Let me know if it works for you.

Thanks,
Sanket

BorBla · November 30, 2023, 1:15pm

hi Sanket,
Thank you very much for your time and the answer!
It compiles :)… and works to some extent, however probably I’ve described it poorly, and thus not necassairly as expected - I am most sorry here… and let me jump to more details (backed up with examples).

Lowest “GroupBy” branch should return occurances - giving results as follows
- excel formula “CountIf” (equal to a particular digit)

“Middle” : Pairs are aggregated very well with 3 Column Aggs - that’s a great idea!
However pairs should be also counted within all the sets, so
{0,1} => 3 occurances (set.2 & set.7 & set.16 - that is just so that its clear, does not have to be included in the KNIME solution)
{0,2} => 1 occurance (set.7)
{0,3} => 1 occurance (set.8)
{0,4} => 0 occurances

and analogically with whole triple-sets
{0,1,2} => 1 occurance (set.7)
{0,1,3} => 0 occurances

Hope that is more understandable now… maybe that is what is done already and I just cannot see it (LOL)?
thanks again!
Borys

sanket_2012 · December 5, 2023, 9:08am

Hello @BorBla ,
Thank you for explaining the problem in a better way.
To solve this, we used a very different approach, as @armingrudd told me that this falls under the category of Item set mining.
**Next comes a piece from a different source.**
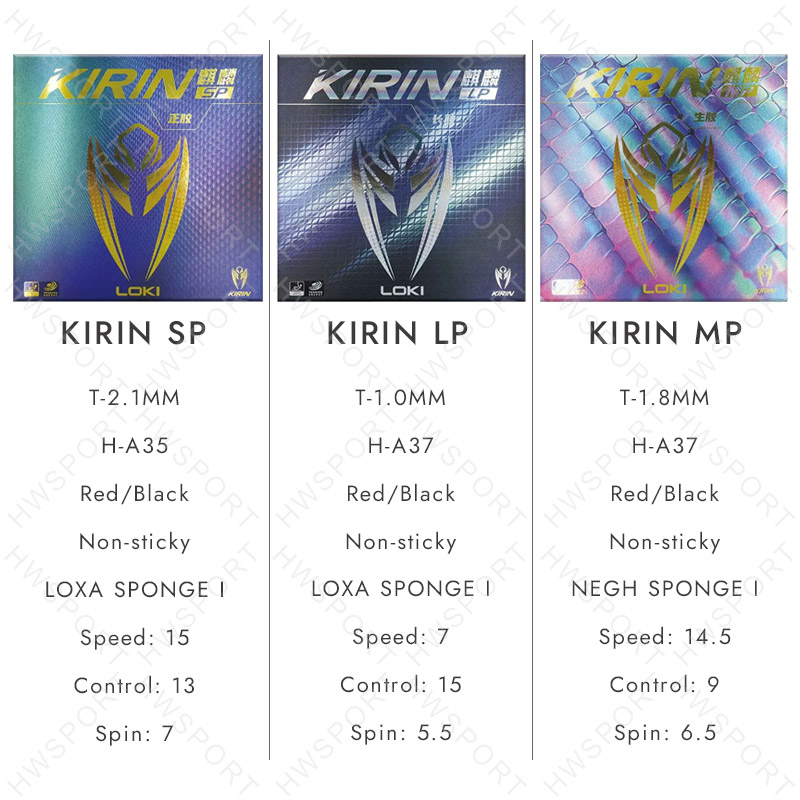 LOKI KIRIN Pimples-Out tenis s – Table Tennis Loki recenzja i cena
So, you first need to install this extension to be able to use the node Association Rule Learner (Borgelt) as shown in the below screenshot.

I am also attaching the workflow below. If you have any questions,
Dummy.knwf (102.3 KB)
let us know.

Thanks,
Sanket

BorBla · December 7, 2023, 7:10pm

Sanket,
thank you very much & credits to @armingrudd as well - this works perfectly well now I need to transpose that logic into my use case… but you’ve done ~99% of it with this workflow, BIG FAT THANKS!
There is so much still to learn for myself (as I have not heart of Itemset mining at all… and it’s so usefull!)

system · December 14, 2023, 7:11pm

This topic was automatically closed 7 days after the last reply. New replies are no longer allowed.